For hospitals and other health care providers working to secure electronic protected health information (e-PHI), a comprehensive risk analysis is a critical first step. The draft guidance on risk analysis issued on May 7, 2010, by the Department of Health and Human Services’ Office for Civil Rights (OCR) offers a starting point to help hospitals and other providers identify and implement the most effective and appropriate administrative, physical, and technical safeguards to protect the confidentiality, integrity, and availability of e-PHI. The guidance, which is available online at www.hhs.gov/ocr/privacy/hipaa/administrative/securityrule/radraftguidanceintro.html, provides helpful insight into the expectations of OCR, the agency responsible for enforcing the HIPAA Privacy and Security Rules.

The HIPAA Security Rule has always required health care providers, health plans, and other covered entities to conduct an accurate and thorough analysis of potential risks to the confidentiality, integrity, and availability of e-PHI, but it does not specify how to go about conducting an effective assessment. The risk analysis requirement has received heightened attention recently in the wake of stronger enforcement provisions included in the HITECH Act for violations of the HIPAA Privacy and Security Rules, as well as the inclusion of this security measure in the “meaningful use” rules under which eligible health care providers can qualify for the electronic health record incentives program adopted last year.

OCR’s draft guidance recommends that organizations include the following key steps in their risk analysis.
Define the scope of the risk analysis.

• Identify where e-PHI is stored, received, maintained, or transmitted.

• Identify and document reasonably anticipated threats and vulnerabilities that could lead to improper disclosure and access.

• Evaluate current security measures to safeguard e-PHI.
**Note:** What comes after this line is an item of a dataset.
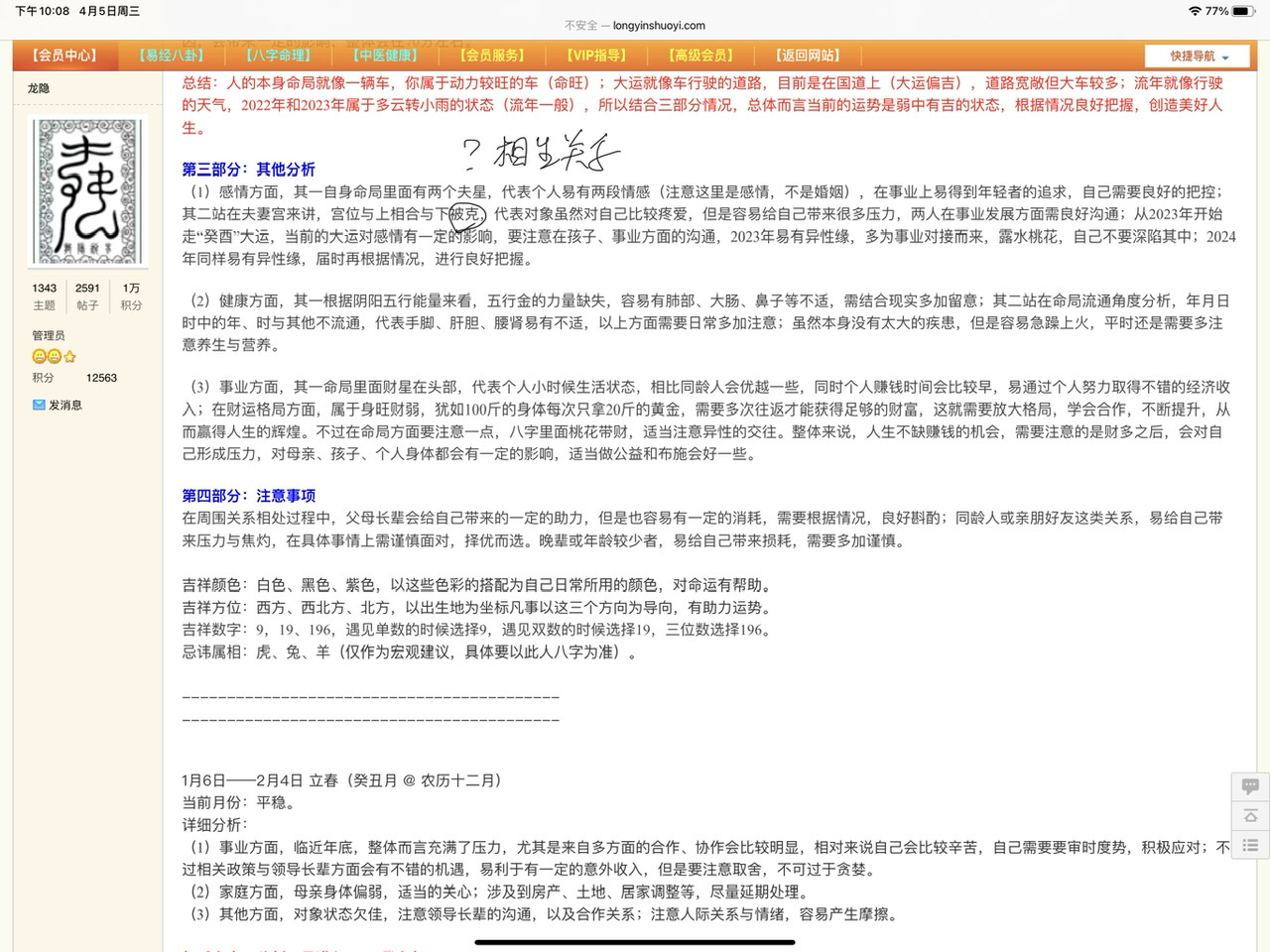 35221600-5E29-43CB-BC07-F63CFE4FE11E.jpeg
• Determine the likelihood and impact of potential risks to the confidentiality, integrity, and availability of e-PHI.

• Determine the level of risk for reasonably anticipated threats and vulnerabilities identified during the analysis.

• Document the risk analysis.

• Periodically review and update the risk analysis.
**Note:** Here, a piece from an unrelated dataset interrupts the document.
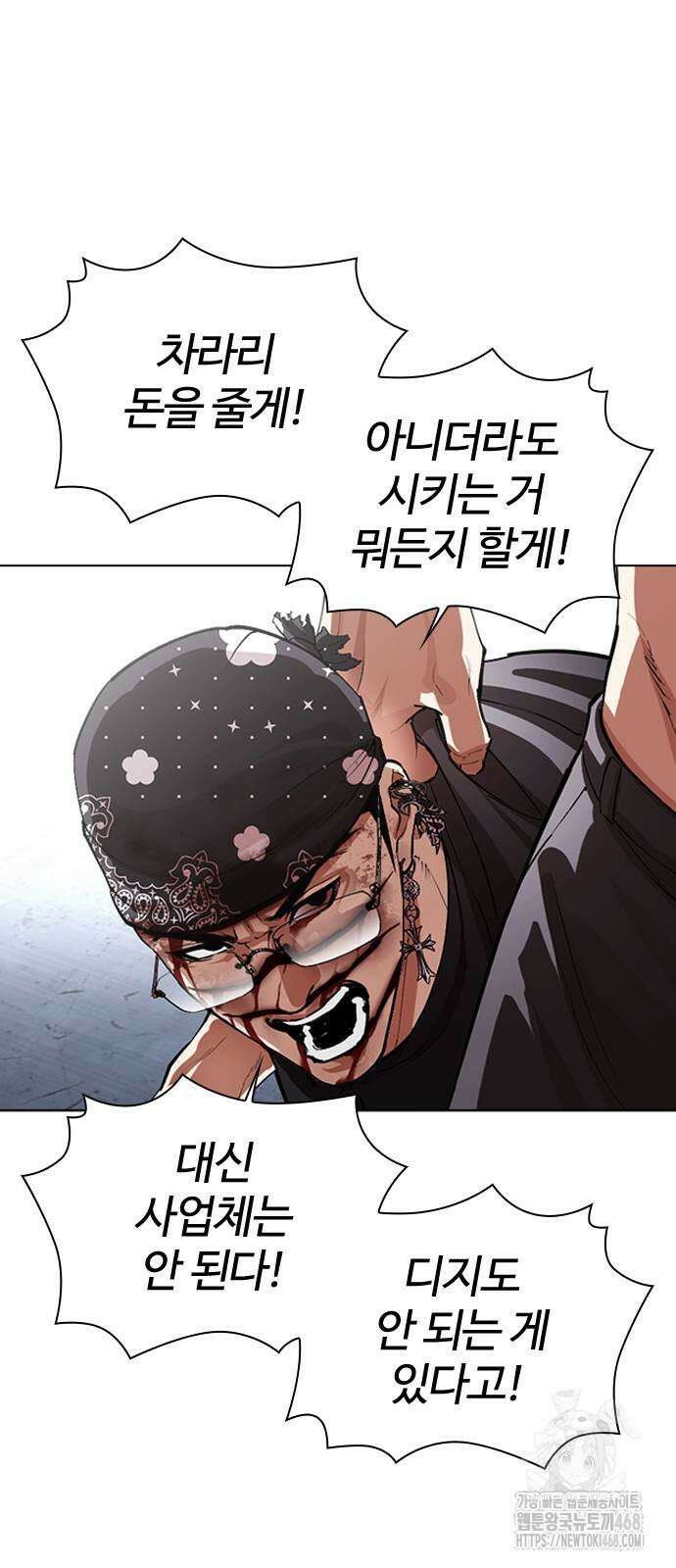 외모지상주의 540화 11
OCR’s guidance indicates that the risk analysis process should be an ongoing process in order to identify new threats to the confidentiality, integrity, and availability of e-PHI and to identify and implement necessary updates, as required by the Security Rule. The guidance recognizes that the frequency of the risk analysis will vary according to the specific needs and circumstances of each organization. It also wisely notes the value of incorporating risk analysis in planning on the front end for an organization’s new technologies and operations. OCR’s reported plan to conduct compliance reviews for all HIPAA data breaches involving data for more than 500 individuals highlights the importance of implementing a continuing, comprehensive risk analysis.